Its urbanization, progressing steadily, had finally reached the ultimate. All the land surface, 75, 000, 000 square miles in extent, was a single city. The population, at its height, was well in excess of forty billions. This enormous population was devoted almost entirely to the administrative necessities of Empire.
Encyclopedia Galactica
I am going to guess Asimov’s Foundation for this one.
I reached out my hand, England’s rivers turned and flowed the other way…
I reached out my hand, my enemies’s blood stopt in their veins…
I reached out my hand; thought and memory flew out of my enemies’ heads like a flock of starlings;
My enemies crumpled like empty sacks.
I came to them out of mists and rain;
I came to them in dreams at midnight;
I came to them in a flock of ravens that filled a northern sky at dawn;
When they thought themselves safe I came to them in a cry that broke the silence of a winter wood…
Nice choice!!
Love it! One of my favorite books.
My first guess turned out to be correct, but I second guessed myself and had to check the google.
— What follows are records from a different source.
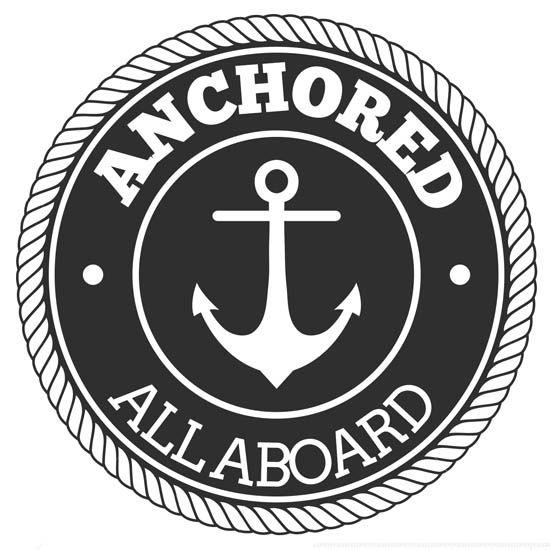 Anchor Logo - Vintage Anchor Logo Design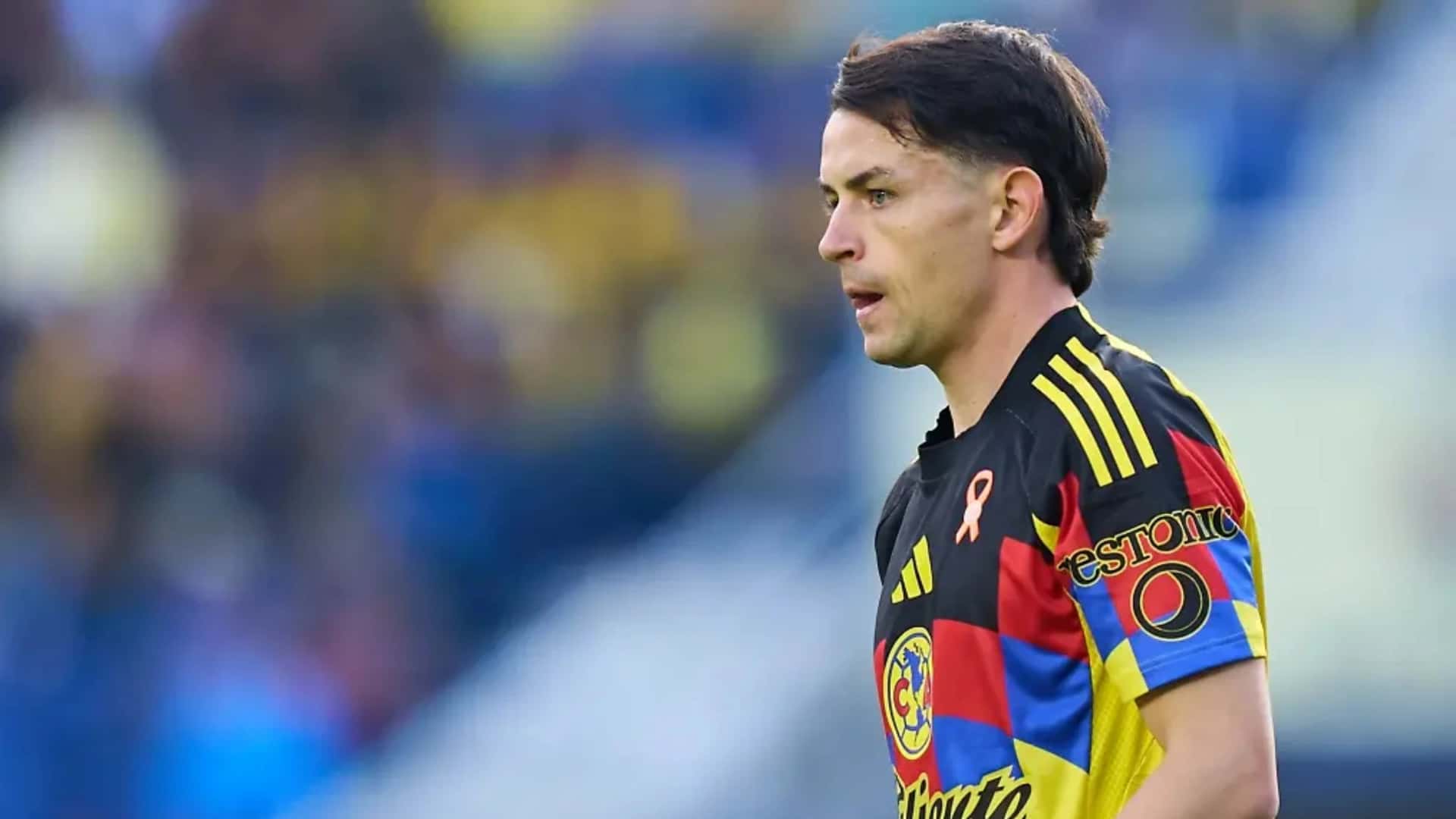 Álvaro Fidalgo durante su etapa como jugador del Club América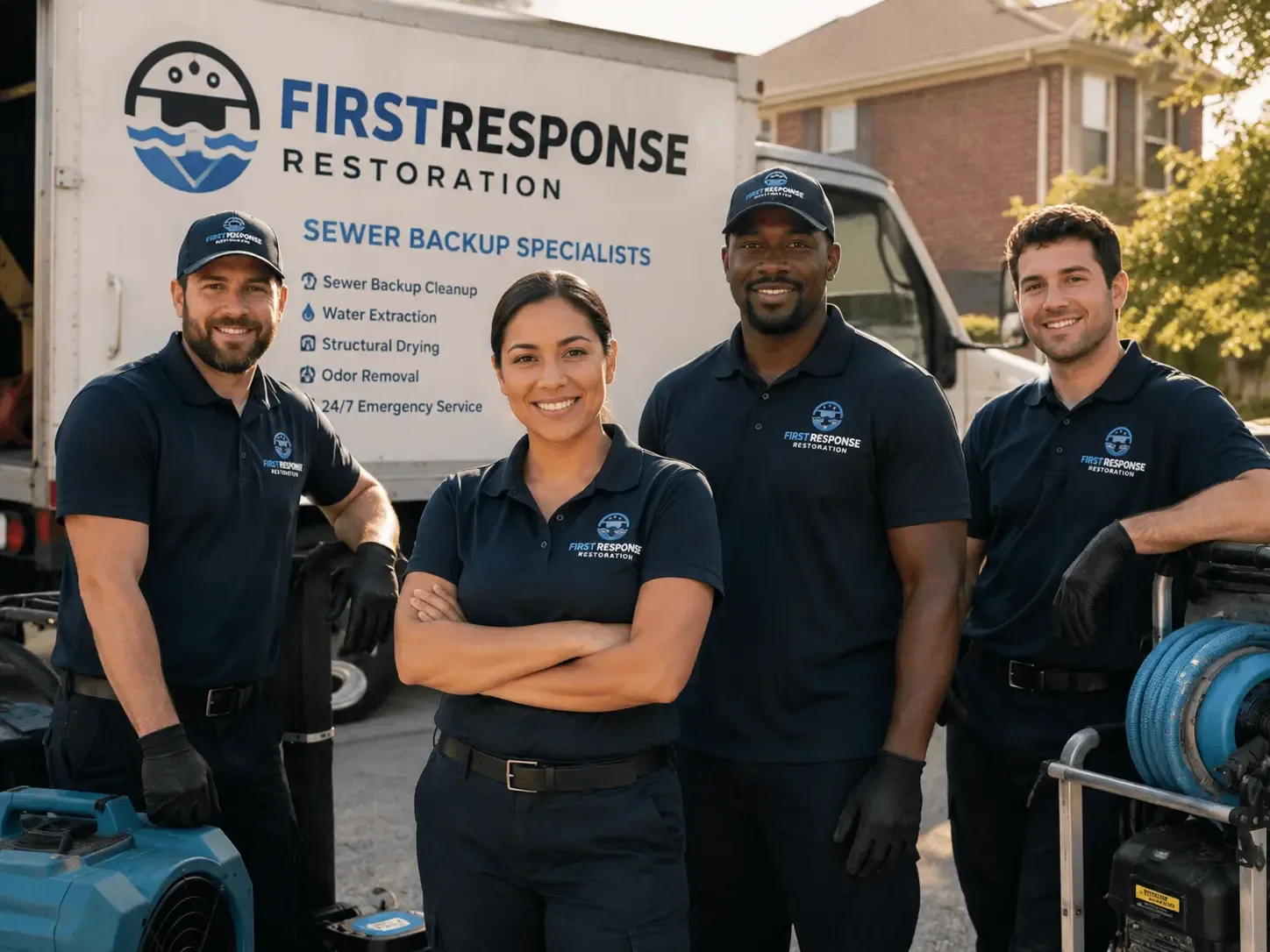 FirstResponse Restoration serving Pleasanton, CA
Very nice quote; great book.
Human beings say, “It never rains but it pours.” This is not very apt, for it frequently does rain without pouring. The rabbits’ proverb is better expressed. They say, “One cloud feels lonely”: and indeed it is true that the appearance of a single cloud often means that the sky will soon be overcast.
Has to be Watership Down.
“Puzzled, he glanced from land to sea and back again: it was some little time before he thought of looking at the sky. Then Reinhold Hoffman knew, as did Konrad Schneider at this same moment, that he had lost his race. And he knew that he had lost it, not by the few weeks or months that he had feared, but by millennia.”
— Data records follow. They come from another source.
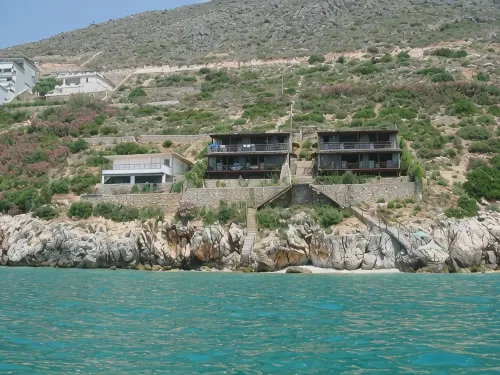 Seaside Duplex Stone Villa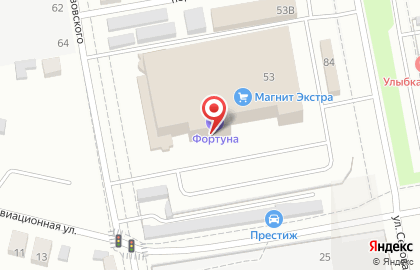 ТЦ Мегамарт на улице Айвазовского на карте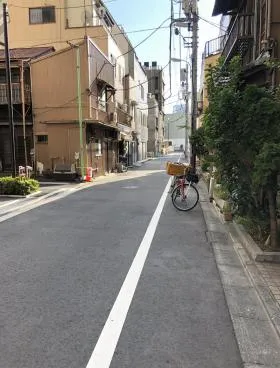 スカール築地の外観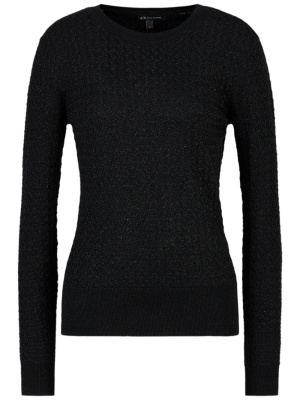 

Lamé-knit jumper, Armani Exchange Lamé-knit jumper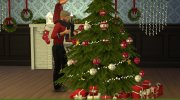 Christmas in Love - Pose Pack for Sims 4 miniature 4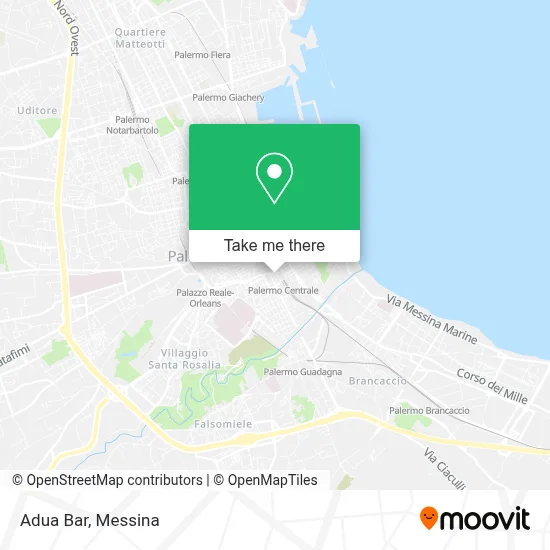 Adua Bar map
The giant Grof was hit in one eye by a stone, and that eye turned inward so that it looked into his mind, and he died of what he saw there.
I’m on a roll. Here’s a different book:
“I wanted to come, and if I hadn’t, they would have been all alone, and nobody would have ever known how frightened and brave and irreplaceable they were.”
I know this one, too, but I just guessed one and don’t want to be a spoil sport. But I just read this!
All three of the quotes I posted here are from three of my all-time favorite books.
One more:
“I must not fear. Fear is the mind-killer. Fear is the little-death that brings total obliteration. I will face my fear. I will permit it to pass over me and through me. And when it has gone past I will turn the inner eye to see its path. Where the fear has gone there will be nothing. Only I will remain.”
Hey, that’s from Dune!
One of my favorites. I have actually said it to myself once or twice.
“Follow me, reader! Who told you that there is no true, faithful, eternal love in this world! May the liar’s vile tongue be cut out! Follow me, my reader, and me alone, and I will show you such a love!”
But one strange wild dark long year, Halloween came early.
One year Halloween came on October 24, three hours after midnight.
At that time, James Nightshade of 97 Oak Street was thirteen years, eleven months, twenty-three days old. Next door, William Halloway was thirteen years, eleven months, twenty-four days old. Both touched toward fourteen; it almost trembled in their hands.
And that was the October week when they grew up overnight, and were never so young any more…
It was a bright cold day in April, and the clocks were striking thirteen.
Ashley, if you live in the USA, you win a book of your choice from our stacks.